One of the more colorful crime stories of the Biden administration concerned Sam Brinton, an official working on nuclear-waste issues who was arrested for chronic luggage theft. Brinton, who describes himself as nonbinary, was convicted of nabbing women’s suitcases from airports and then confidently wearing the ladieswear he had found inside. One victim, a Tanzanian fashion designer, realized Brinton had stolen her luggage when she spotted him at a gala beaming in one of her African gowns.
Nationwide, headlines describe a spectrum of transgendered, nonbinary, and other “gender non-conforming” variations of criminal offenders. These range from relatively innocuous criminality—like Brinton’s—to deadly violence. In January, transgender repeat knife offender Jaia Cruz fatally stabbed a postal worker after jockeying over places in the sandwich line at a Manhattan deli. A few weeks later, transgender Nicol Suarez, who was being pursued by ICE for previous crimes, stalked and then raped a 14-year-old boy in a bodega bathroom in East Harlem. In February, 18-year-old transgender Trinity Shockley was arrested as she planned a mass Valentine’s Day school shooting. She failed where Tennessee transgender teen Audrey Hale succeeded; Hale gunned down six kids and adults at The Covenant School.
All of these cases raise a very obvious question: Do transgender Americans commit crime at higher rates or of different types than “cis-gender” Americans?
The answer is: We have no idea.
Whereas crime data exist for all other demographics—race, age, educational attainment, etc.—we are not systematically collecting or analyzing stats for trans offenders. Apparently, it’s too politically uncomfortable to call attention to transgender people as anything but victims. Any effort to delve into research on transgenderism and crime uncovers reports, white papers, law review essays, and media reporting—but all of it is focused exclusively on trans victimization. Such material prioritizes analytics such as the percentage of trans crime victims who were deadnamed in the press and how many were transwomen “of color.”
The focus on trans victimization is so powerful that media reporting and advocacy emphasize any suggestion—often unsubstantiated—that trans victims are the objects of hate crimes. But few reports actually record who the offenders are committing crimes against transgender individuals, and whether they are trans themselves.

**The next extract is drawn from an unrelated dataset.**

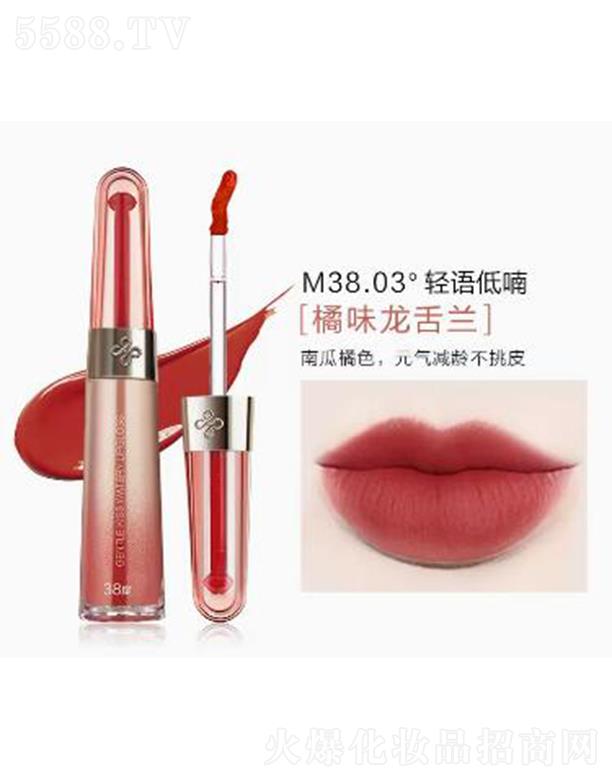 ���ԑِ�΢���ض�Ӌ(j��)����M38.03�p�Z���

A chilling illustration was the gruesome murder last month of transman Sam Nordquist, which Audacia Ray, interim executive director of the New York City Anti-Violence Project, seized upon as symptomatic of “growing permissiveness for anti-trans sentiment” and “cultural indifference to the humanity of LGBTQ people.” However, not only is law enforcement not treating the killing as a hate crime—at least two of Nordquist’s killers appear themselves to be trans.
This tracks with the fact that violent crime tends to be remarkably intra-group. “Black-on-black crime,” for instance, is very real: 57.1 percent of NYC murder victims were black in 2023, as were an astonishingly parallel 57 percent of murder suspects. Similarly, 40 percent of rape victims were Hispanic, as were about 37 percent of suspects.
What percentage of attacks are trans-on-trans? It might be helpful to know, right?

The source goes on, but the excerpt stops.